Öncelikle içinde bulunduğum büyük bir gururla toplumsal bellek platformundan söz edeyim, size. Bizler ilk defa 1980 yılında öldürülen yazar yapımcı Ümit Kaftancıoğlu ailesinden Canan Kaftancıoğlu’nun çabasıyla bir araya geldik. Sıcak bir haziran günü “Babalar Günü” etkinliğinde buluşan, bu coğrafyada yaşamının önü kesilmiş 16 aileydik, hatta etkinliğin adı “benim babam bir kahramandı”. Bu isim hiç birinizi yanıltmasın. Çünkü bizler kahraman babalar yahut kahramanlaştırılan babalar düşlemedik. Hatta Breth in Galile(Bertolt Brecht’in 1890-1956) oyununda çok güzel bir sözü vardır: “Ne yazık kahramanlar yetiştiren toplumlara” der, Breth. Bu söylem içte zihnimizdeydi. Yalnızca hayatlarımızın çok çeşitli dönemeçlerinde yanımızda olan iyi ve kötü zamanlarımızda söyleyeceğimiz, başımızda omuzlarımızda zaman hissedebileceğimiz, babalarımızla birlikte yaşamımızı sürdürmeye niyetlendik. İstedik ki devlet kahraman olsun. Bizim babalarımızı, bu ülkenin de yazarlarını, şairlerini gazetecilerini, gazetecilerini, aydınlarını korusun.
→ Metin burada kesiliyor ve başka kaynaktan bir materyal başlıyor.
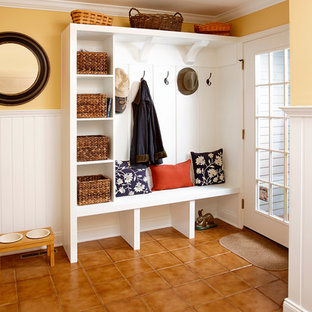 ニューヨークの中サイズの片開きドアトランジショナルスタイルのおしゃれなマッドルーム (黄色い壁、セラミックタイルの床、ガラスドア) の写真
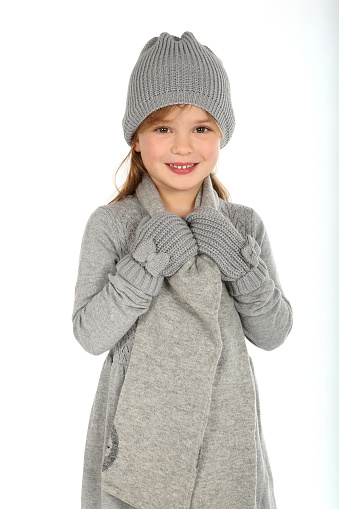 Cute girl with grey gloves, scarf and cap smiles into the camera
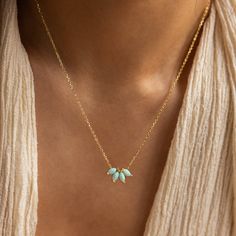 T U R Q U O I S E ∙ O P A L ∙ N E C K L A C E  Searching for a fresh, new look for the season? Our Turquoise Opal Marquise Necklace is the unique jewelry piece you are looking for! The floral design and enchanting turquoise gemstones make this pendant necklace a no brainer when it comes to a style refresh. * Material: High Quality Solid 925 Sterling Silver * Finish: 18K Gold ∙ Sterling Silver * Featuring ~15x8mm Marquise CZ Turquoise Opal Flower Pendant on a dainty Cable Chain, adjustable from 1 Gold And Turquoise Jewelry, Turquoise Jewelry Gold, Marquise Necklace, Rectangle Necklace, Necklace Opal, Small Necklace, Jewelry Birthday, Flower Pendant Necklace, Jewelry Lookbook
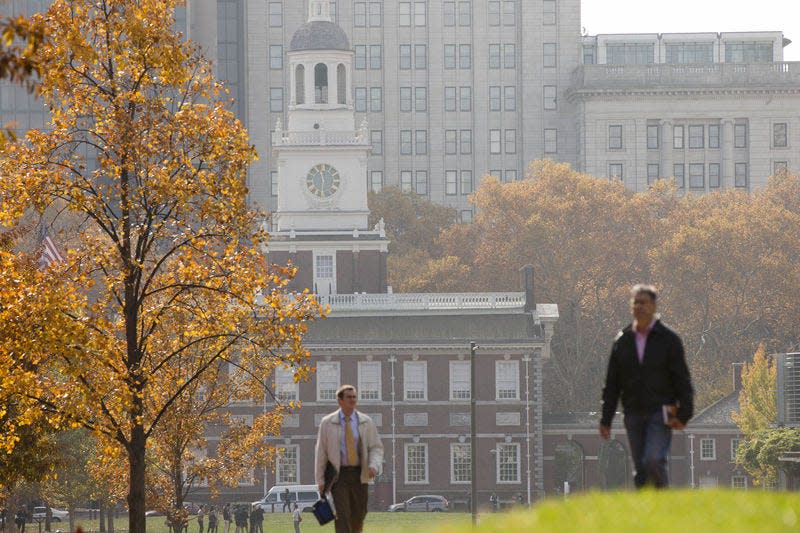 In this Nov. 12, 2014, file photo, people walk in view of Independence Hall in Philadelphia. AP File Photo/MATT ROURKE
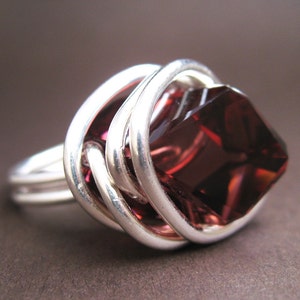 May include: A silver ring with a large, faceted, dark red gemstone set in a wire-wrapped design.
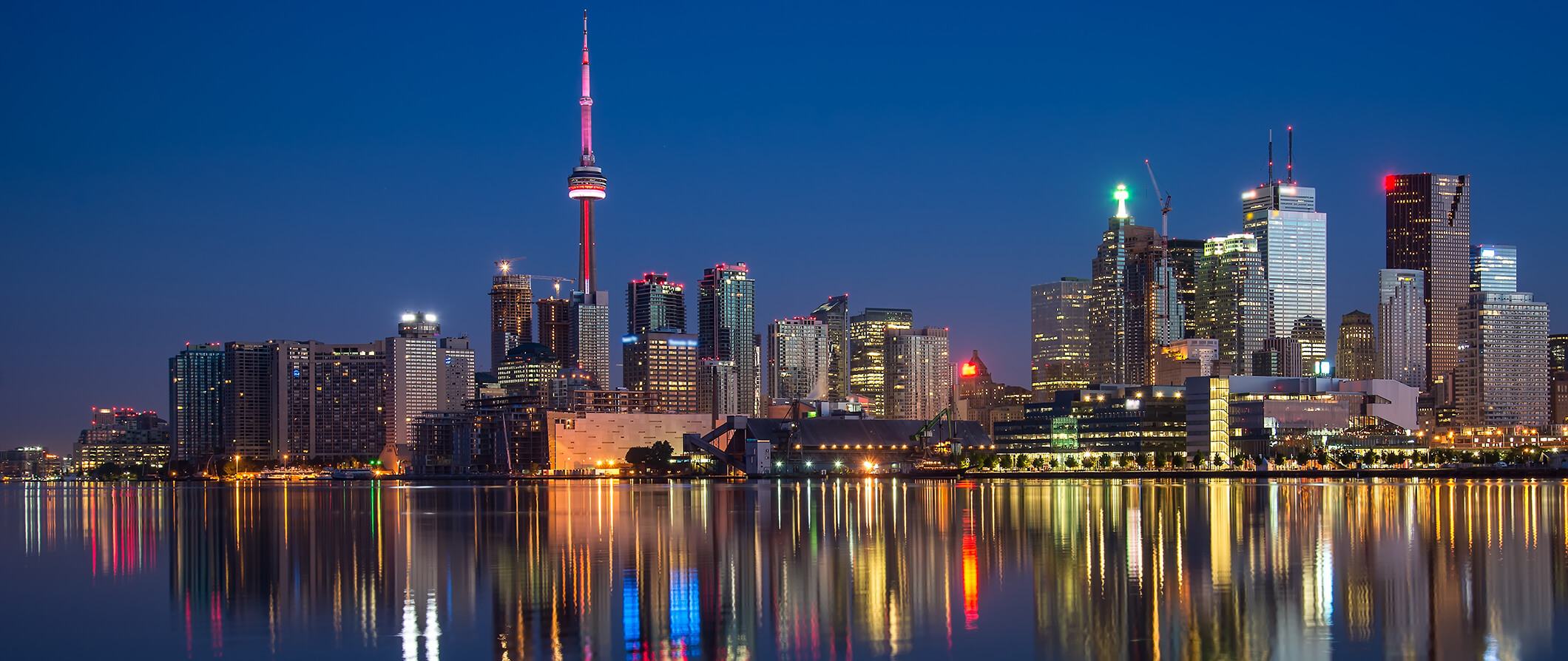 view of Toronto lit up at night with lights reflecting in the water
Etkinliğin amacı, Türkiye’nin yaşanılması için bir geleceğe sahip olması kahramanca ölümün üstüne yürüyen bu onurlu insanları yeni kuşaklara güçlü ve doğru bir biçimde anımsatmaktı. Sadece nasıl değil, neden öldürüldüklerini de göstermekti, bir anlamda. Etkinlik sonrası sürdürdüğümüz görüşmelerle kimi çoğu birbirimizi iyi tanıyorduk ve yakından tanıyorduk. Birbirimize daha da çok benzediğimizi sevinçle ve gururla gördük. Bir aile olduğumuzu hissettik. Aileye her geçen gün yeni bireyler eklendi. Üzülerek gördük aslında ne kadar geniş bir aile olduğumuzu! Bu isimleri gelecek kuşaklara doğru taşımayı hedefleyip toplumsal belleğimizde diri tutmak adına neler yapabileceğimizi konuştuk. Bu konuşmalar sırasında ailelerin geçmişte yaşadıkları ve karşılaştıkları hukuksuzluğun, adaletsizliğin birbirinin nerdeyse aynı olduğunu gördük.
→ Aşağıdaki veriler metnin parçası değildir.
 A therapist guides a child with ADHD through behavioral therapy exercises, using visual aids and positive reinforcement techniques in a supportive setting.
Adalet arayışımız bu cinayetlerin arkasındaki karanlık ve örgütlü güçlerin açığa çıkarılabilmesi için ortak bir çabaya dönüştü ve ilk defa Abdi İpekçi’nin katili, Ağca’nın salındıktan sonra reklam yıldızına dönüşmesini arzu eden zihniyete karşı bir bildiri yayınladık. Tabi asıl üzücü olan tetikçilerin yüceltilmesi, maddi ve manevi olarak desteklenmesi idi ve hala öyle. Ses getiren cinayetleri işleyenlere evlenme teklifleri gelmesi bile tüm dünyada rastlanan bir psikoz örneği. Öte yandan katillerin örgütlü bir biçimde kaçırılması, anı fotoğrafları çektirilmeye çalışılması, eli kanlı kişilerle gurur duyulması ne yazık ki bizim ülkemize has bir görüntü ve moda.
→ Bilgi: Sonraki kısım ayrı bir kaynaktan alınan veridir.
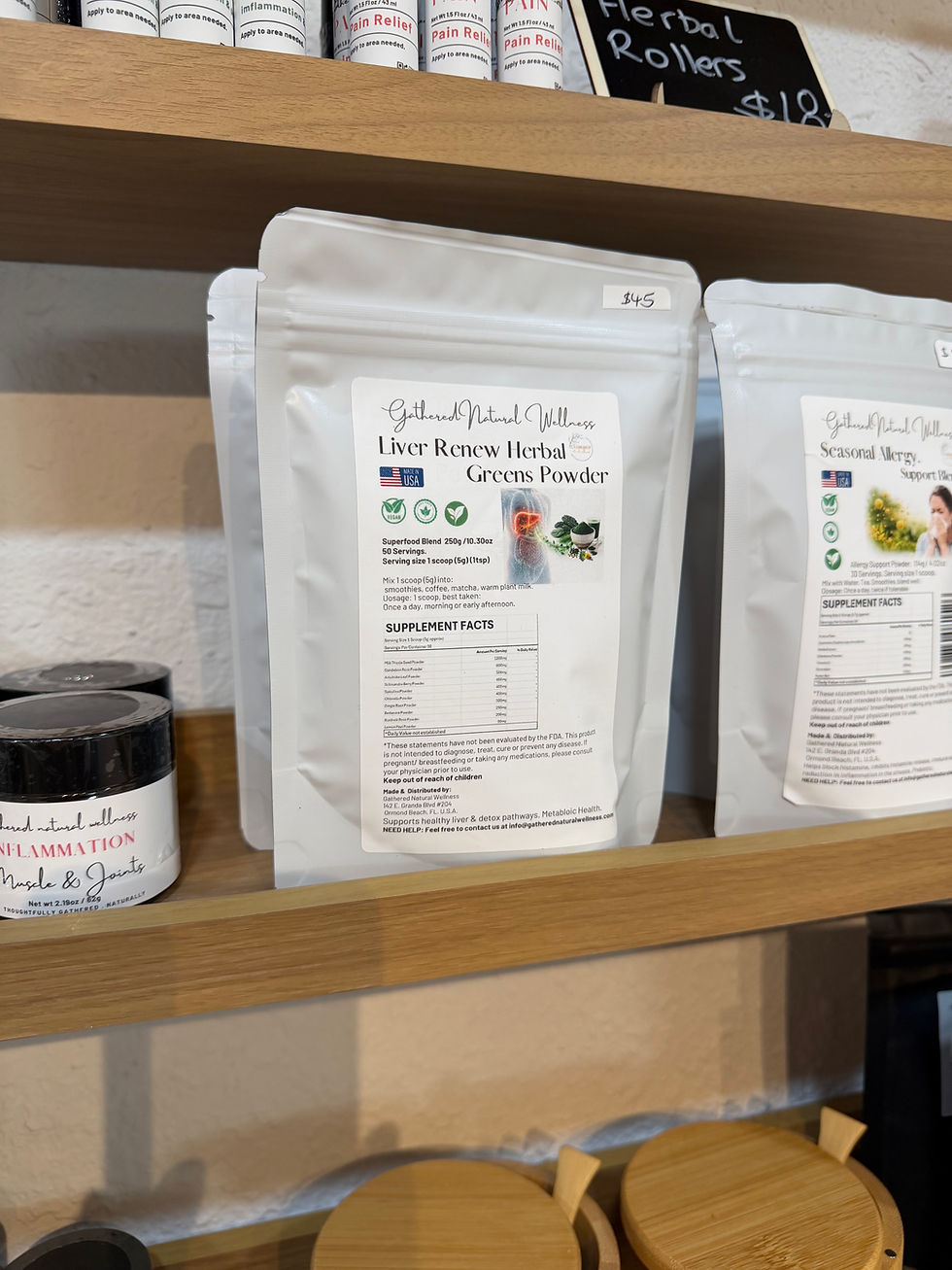 Thumbnail: Gathered Natural Wellness's Liver Renew Greens Powder on store shelf for purchase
“BABALARIMIZIN KATİLLERİ İÇİN “DEVLET SIRRI” DEDİLER
Biz katillerin kahraman ilan edilmesine ve katillikten rant elde edilmesine karşı çıktık. Ardından ülkedeki hukuksuzlukları göstermek adına Dink Davasında yan yana geldik ve duruşma salonuna ilk defa birlikte gittik. Çok açıktı ki Dink cinayetinden itibaren eze ettiğimiz örgütlü siyasi cinayetlerin nasıl örtbas edildiğini anlatmak için gelmiştik. Çünkü biraz önce de sözünü ettiğim gibi bu kayıtsızlık çerçevesi içerisinde çoğumuzun dosyaları kapatıldı ve zaman aşımına uğradı.
Abdi ipekçinin kızı bir anda da şöyle seslenmişti. “artık çoğalmak istemiyoruz, bizi öldürenlerin ardındaki örgütleri ortaya çıkarmakla yükümlü olan bütün devlet kurumlarını sorumlu sayıyoruz.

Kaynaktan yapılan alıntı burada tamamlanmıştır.